• [Dataset entries]:
—————

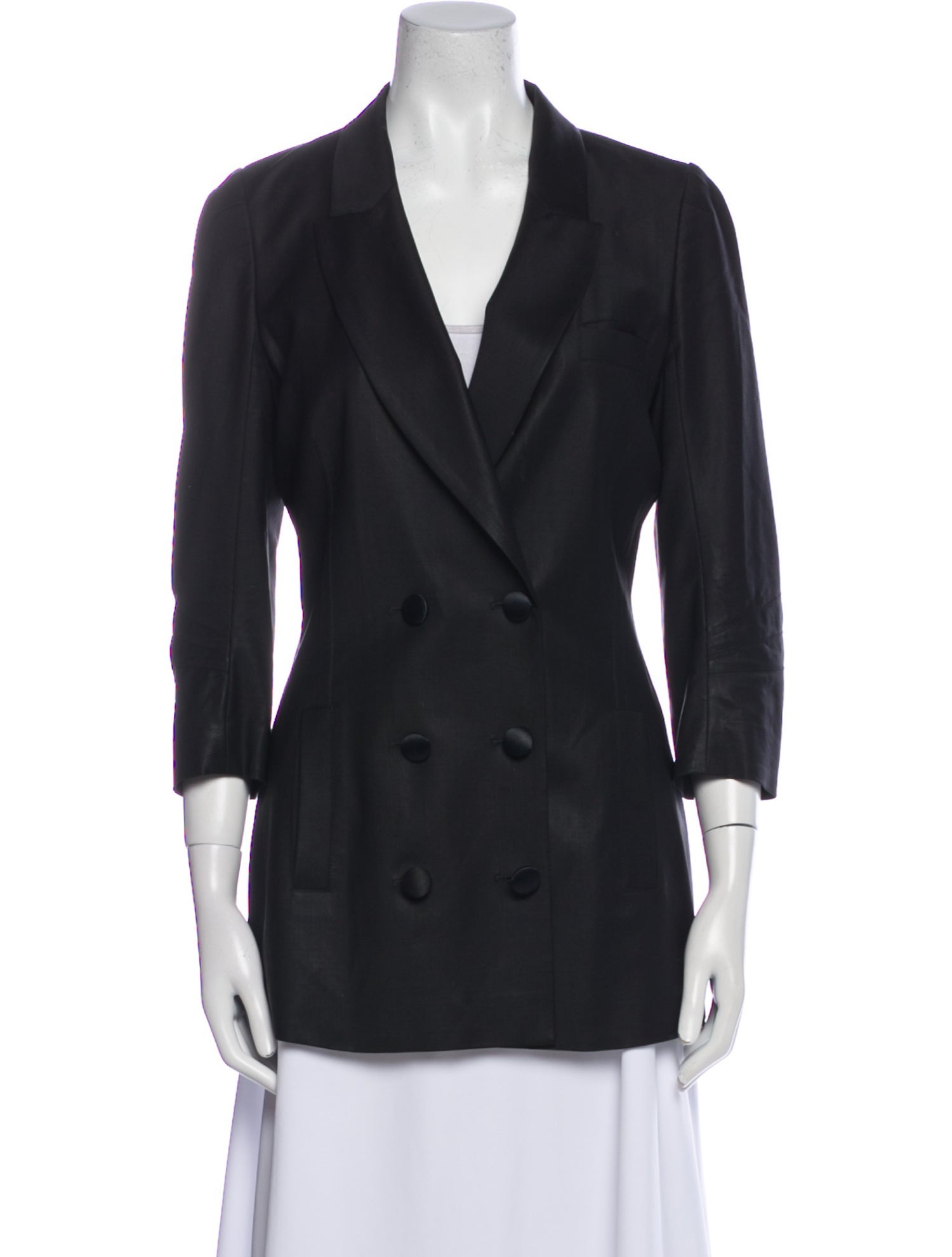 Alexander Wang Virgin Wool Blazer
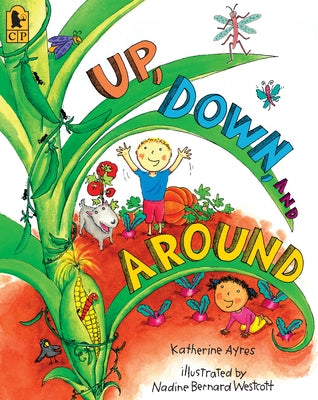 Cover Image for Up, Down, and Around -- Katherine Ayres, Paperback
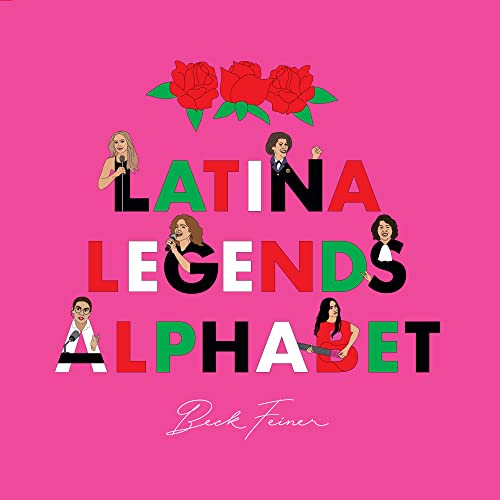 Latina Legends Alphabet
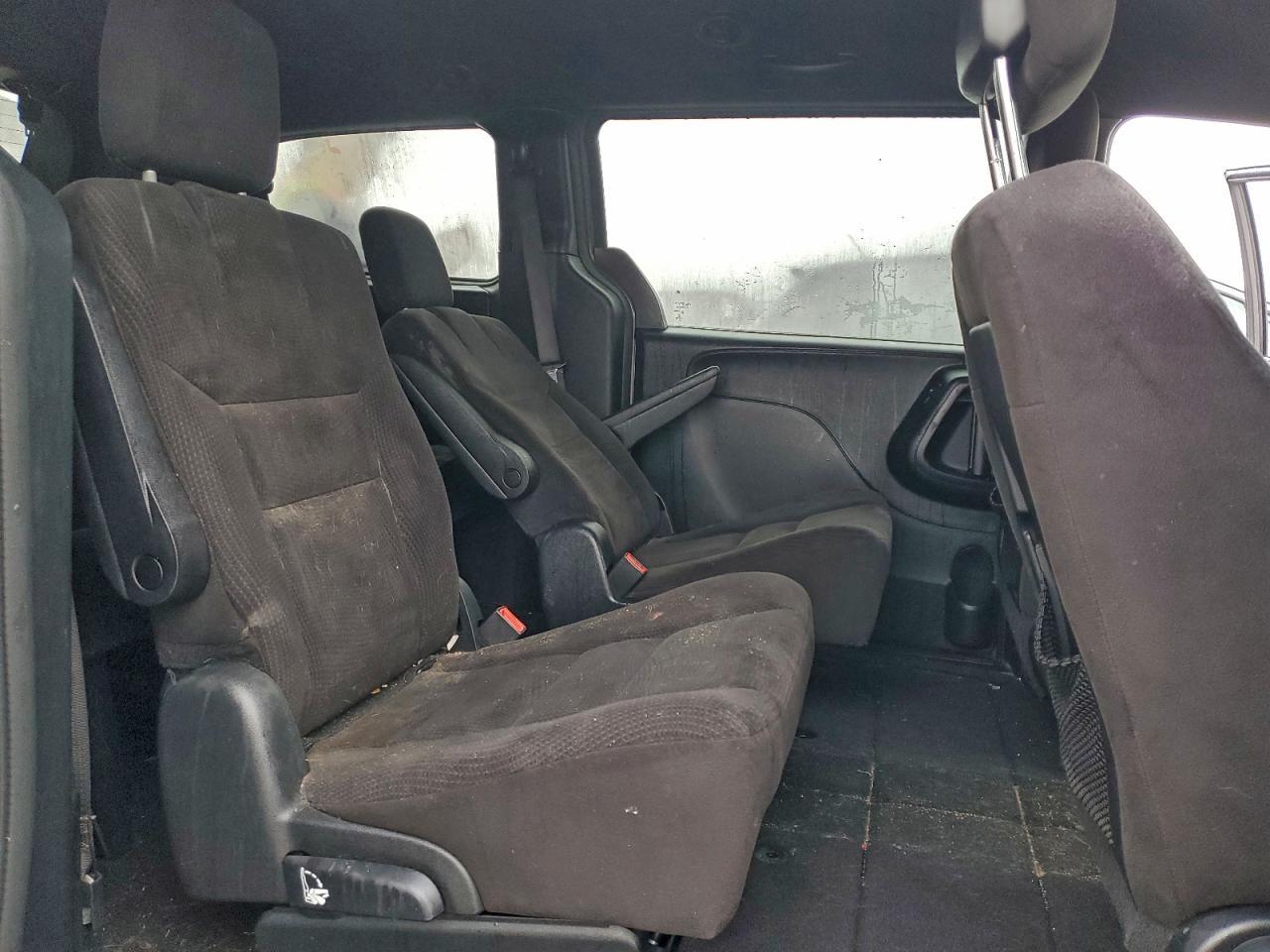 2015 DODGE GRAND CARAVAN
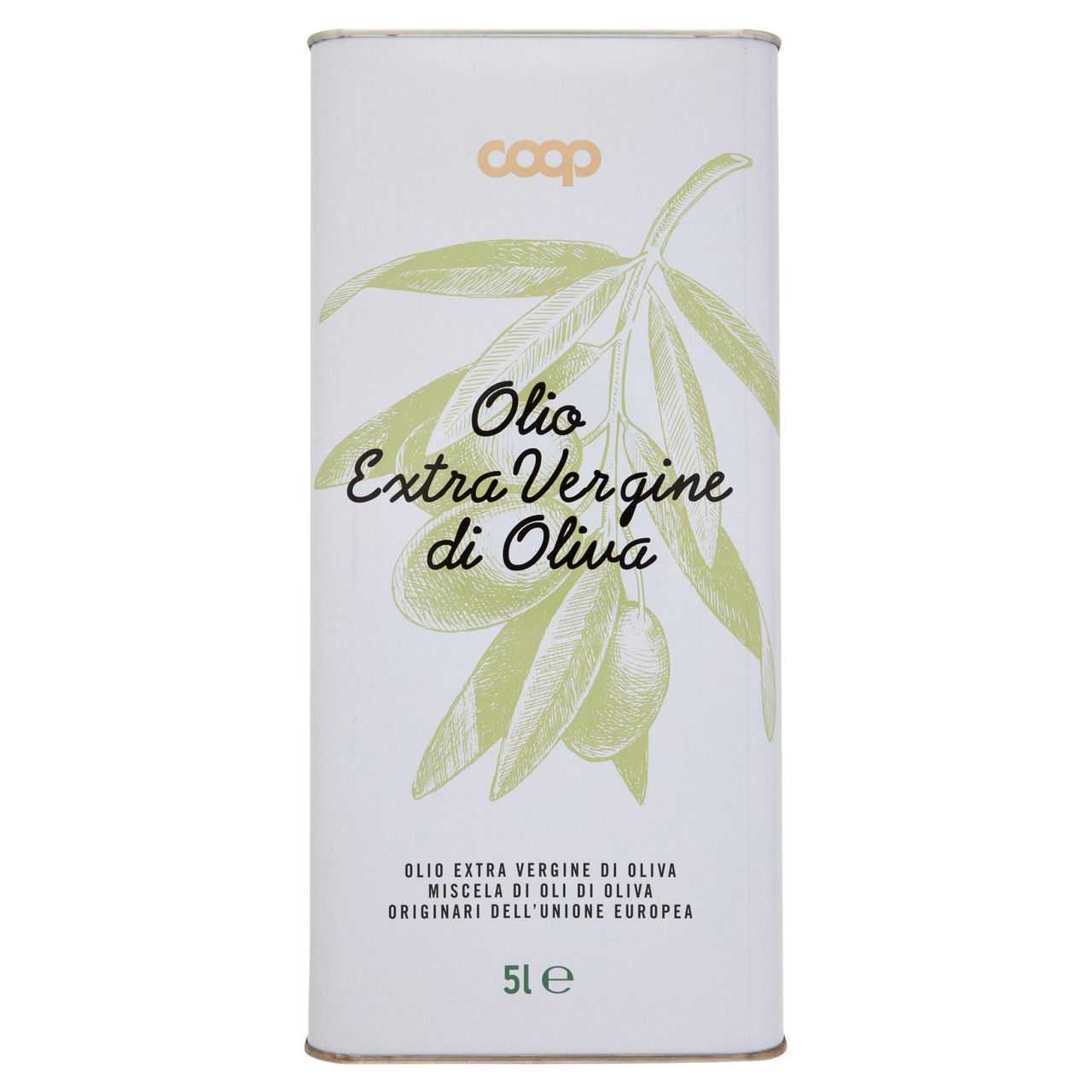 Olio extravergine coop lattina l 5 - Immagine 61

—————

• [Work instruction]: Where pictures appear in the records, leave them out; output everything else exactly.

• [Solved problem]:
 Alexander Wang Virgin Wool Blazer
 Cover Image for Up, Down, and Around -- Katherine Ayres, Paperback
 Latina Legends Alphabet
 2015 DODGE GRAND CARAVAN
 Olio extravergine coop lattina l 5 - Immagine 61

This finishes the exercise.